Collards are greens cultivated for its thick, slightly bitter edible leaves. Plant in early spring for a summer harvest and again in midsummer for fall and early winter harvest. As you can see, they are available year-round, but many people believe that they are tastier and more nutritious in the cold months, after the first frost. For best flavor and texture, the leaves should be picked before they reach their maximum size. The plant is grown mainly in Brazil, Portugal, the Southern United States, many parts of Africa, Montenegro, Spain and Kashmir. They are often prepared with other similar green leaf vegetables, such as kale, turnip greens, spinach, and mustard greens. A mixed batch of greens is referred to as "a mess o' greens" in the South. They are generally eaten year-round here. Typical seasoning when cooking collards can consist of smoked and salted meats (ham hocks, pork neckbones, fatback or other fatty meat. Add diced onions, vinegar, salt and pepper, butter, or relish/chow-chow. Collards are considered to be a healthy food as they are good sources of vitamin C, soluble fiber and contain multiple nutrients with potent anti-cancer properties. Though greens did not originate in Africa, the habit of eating greens that have been cooked down into a low gravy, and drinking the juices from the greens (known as "pot likker") is of African origin. Pot likker is a highly concentrated, vitamin-filled broth left over from cooking the greens. The slaves of southern plantations were given the leftover food from the plantation kitchen. Some of this food consisted of the tops of turnips and other greens.

Hoppin' John
1 pound dried black-eyed peas
1 pound spicy bulk pork sausage
1 large onion, chopped
2 garlic cloves, minced
2 quarts water
2 tablespoons crushed red pepper flakes
1 1/2 teaspoons fresh ground white pepper
1 1/2 teaspoons salt
4 cups beef broth, homemade or canned
2 tablespoons unsalted butter
3 cups long-grained rice
    In a large saucepan, bring the peas and water to a boil over high heat. Boil for 1 minute. Remove the pan from the heat, cover tightly, and let stand for 1 hour. (Or in a large bowl, combine the peas with enough cold water to cover by 3 inches, and let stand overnight at room temperature.)
    Drain well.

    In a 5-quart Dutch oven, cook the sausage, onion, and garlic over medium heat, stirring often to break up the sausage, until it loses its raw look, about 10 minutes. Pour off all excess fat.

    Add the drained peas, water, and red and white peppers. Bring to a boil, reduce the heat to low, and simmer, covered, until the peas are tender, about 1 1/4 hours. Stir in 1/2 teaspoon of the salt.

    Meanwhile, bring the beef broth, butter, and remaining 1 teaspoon of salt to a boil in a medium saucepan over high heat. Add the rice, reduce the heat to medium-low, and simmer, covered, until the rice is tender and the liquid has been absorbed, about 20 minutes. Fluff the rice and transfer it to a deep serving bowl.
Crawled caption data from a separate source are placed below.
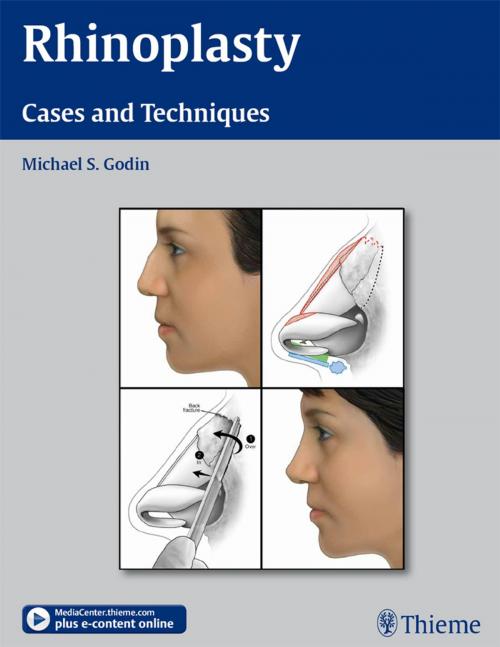 Cover of the book Rhinoplasty by Michael S. Godin, Thieme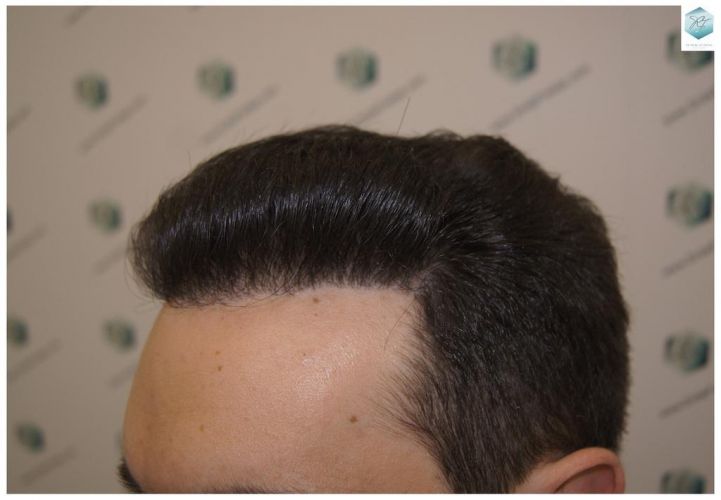 Injerto Capilar Técnica FUE 3681 Grafts (8585 Pelos) 36 TECNICA FUE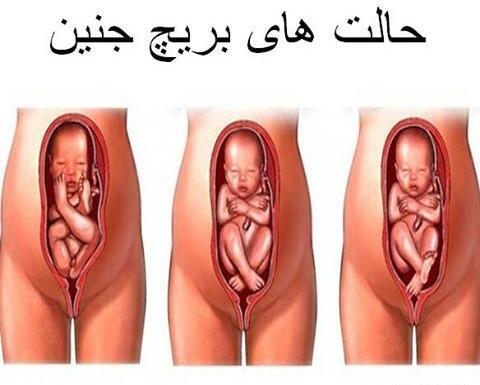 عکس جنین نشسته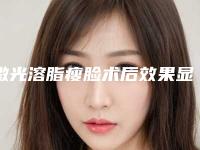 激光溶脂瘦脸术后效果显著吗(激光溶脂瘦脸安全有效)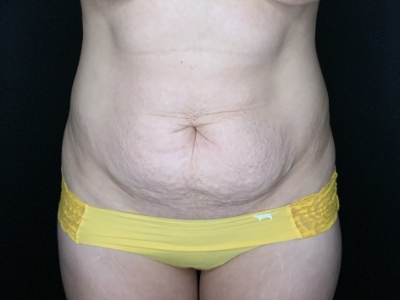 Patient #56985: Tummy Tuck with Flank Liposuction Before Image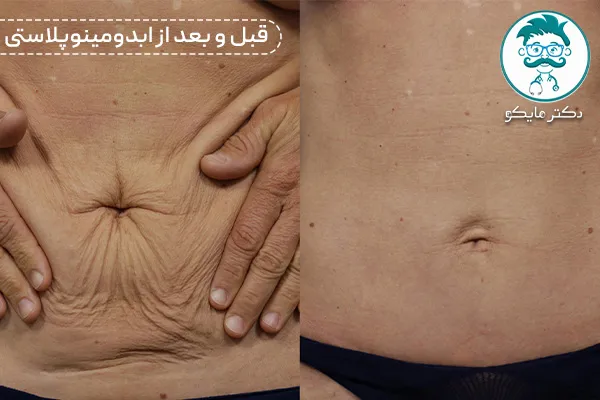 ابدومینوپلاستی همزمان با سزارین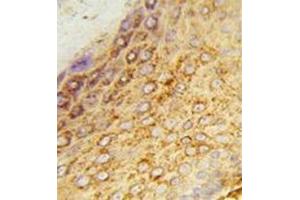 Immunohistochemistry analysis in formalin-fixed and paraffin-embedded human skin tissue reacted with LDHA Antibody (Center) Cat.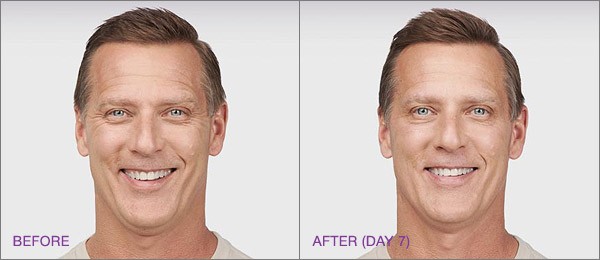 male botox before and after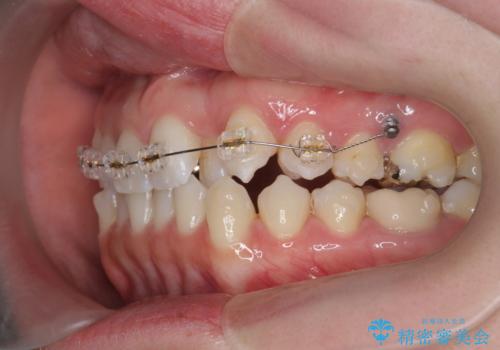 [ 引っ込んだ前歯を治したい ] 歯を抜かないマウスピース矯正の治療中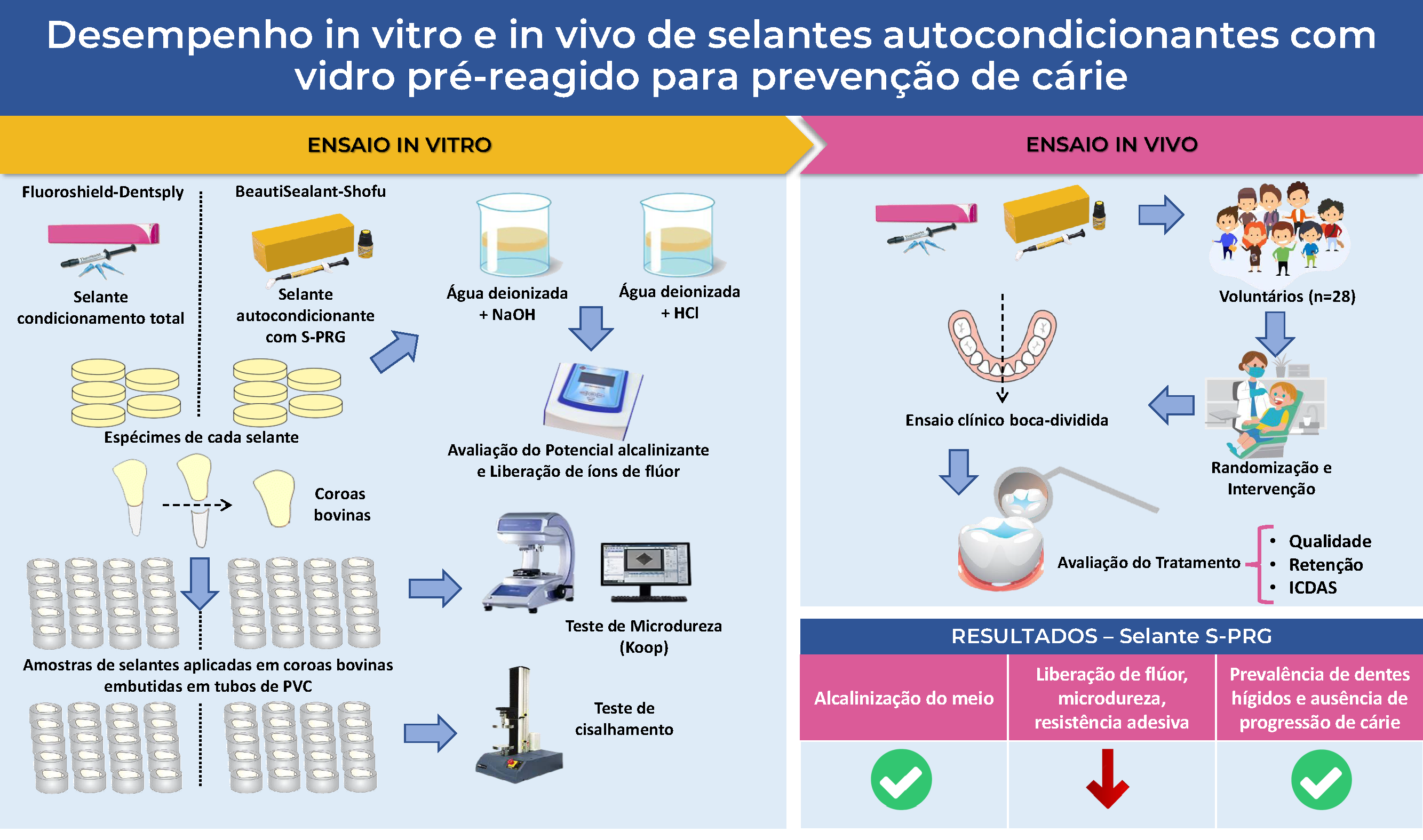 Estudo da UFMA investiga a eficácia de material selante autocondicionante com vidro pré-reagido na prevenção de cárie dental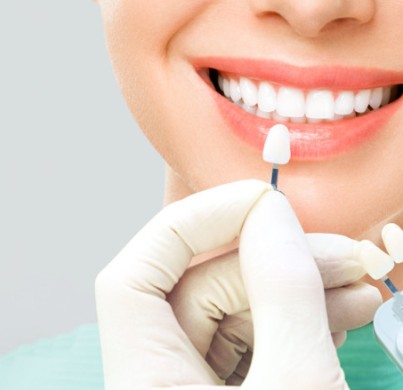 ¿Cuánto Duran las Carillas Dentales de Porcelana?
    Pour the peas over the rice, mix well, and serve immediately.

    **Note**
    In my family, we didn't add the sausage (although that sounds delicious). We cooked the beans in the crockpot with a ham bone, ham, or some raw bacon and add the cooked peas to rice just before serving. We like to sprinkle chopped raw onions on top or add a little relish called chow-chow.

    Collards
    Fresh collard greens, washed, chopped with thick stem removed (Keep in mind that greens can fill a pot when fresh but they cook wwaayy down.)
    Chicken or beef broth
    1-2 pieces of raw bacon (apple smoked Gwaltney bacon is good)
    Hot red pepper flakes to taste
    Salt to taste
    Apple cider vinegar to taste
    Sauteed chopped onions

    After sauteeing the onions, put all ingredients into your crockpot or a dutch oven pot on the stovetop. Add enough water to make sure greens are covered. Cook them covered, slowly for 3 hours.

    **Note**
    We serve them with butter, chopped raw onions, sprinkled with vinegar or chow-chow. You can substitute white wine for the apple cider. You could also add a couple of teaspoons of brown sugar if you like your greens sweet.